No doubt about it, filling out web forms can be time-consuming. Whether they be job applications, subscriptions or requests for further information, you have to type in all sorts of things, including your name and address.
And you can never be too careful with your information on the internet. Tap or click to learn the seven ways to delete yourself from the internet. Of course, you can rely on auto-fill to lessen the burden of having to manually enter all of your info; however, while convenient, this puts your personal information at risk.
Behind what may appear to be a legit web form could lie a phishing site that uses hidden text boxes to steal additional autofill data, such as your phone or credit card numbers. But thanks to the Chrome desktop browser extension, Voice In Voice Typing, you can disable auto-fill and enter text in web forms via dictation.

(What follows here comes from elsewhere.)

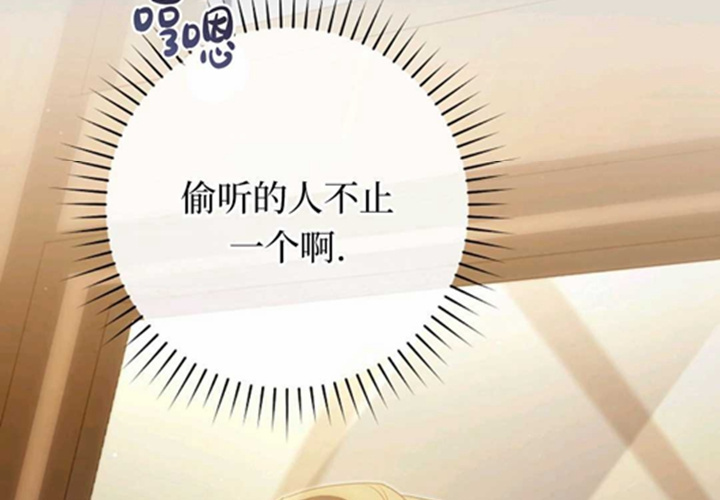 第603页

That’s right, you can now use your voice to fill in those boxes completely hands-free. Well, you do need to turn on the microphone manually, but that’s it. Here’s a quick look at this easy-to-use tool.
Voice In, text out
Spare the keyboard and speak your words. Voice In is a free browser extension that utilizes Chrome’s speech recognition engine and allows you to add speech-to-text to most websites including:
- Google search
In addition, webpages with simple text or input boxes also work with Voice In. A quick tap to turn on the feature, and you can dictate an email to a coworker, look up references for class or ask for help from sites that offer Zendesk service.
Concerned about whether browser extensions are safe? Tap or click to find out what you need to know.
Although the default dialect is English-US, the extension supports over 120 languages, which can be viewed on the developer’s help center at dictanote.co.
Like other transcription products, Voice In is not perfect. You must speak clearly and slowly to ensure the application understands what to type. Furthermore, it only works with Chrome and is incompatible with several popular sites, such as Facebook, YouTube, WhatsApp, Reddit and Google Docs.
The reason Voice In doesn’t work with these websites is they utilize custom text handling. But that’s not to say the extension is useless. There are tons of other sites you can use it with, like your email provider, most scholastic or business-related webpages, several government sites and more.
If you’re always hopping from site to site, Voice In is the extension for you.
How to use Voice In
To set up Voice In, visit the Chrome Web Store and click Add to Chrome, Add extension. Once installed, the icon (microphone) will display to the right of your address bar. You will need to Allow permissions when prompted.
If you do not receive a prompt, tap the video camera in the right corner of the address bar. Select the first option Always allow…, then tap Done.
To change the language, right-click the microphone at any time and tap Options. Select your language from the list. After you enable microphone use and select your language, restart Chrome. Further changes to Settings will not require a restart.
If you want to start or stop voice recognition. Tap the microphone, right-click in a text field and select Start/Stop Recording from the drop-down menu, or CTRL + SHIFT + 9 (Windows/Chromebook) or CMD + SHIFT + 9 (Mac).
When you click the microphone to start the dictation tool, a settings button will appear. This is where you can change settings, or you can just go here. here.
You will also notice an upgrade button for the browser extension. This $20 annual subscription offers Spacebox, which allows you to type on sites where Voice In does not usually work, like Facebook. Other additional features include the ability to create custom voice commands.
Any time you need to fill out a web form, such as a short survey or long application, Voice In can make the process simple without jeopardizing your data. So give it a try, and if you fall in love, get the upgrade.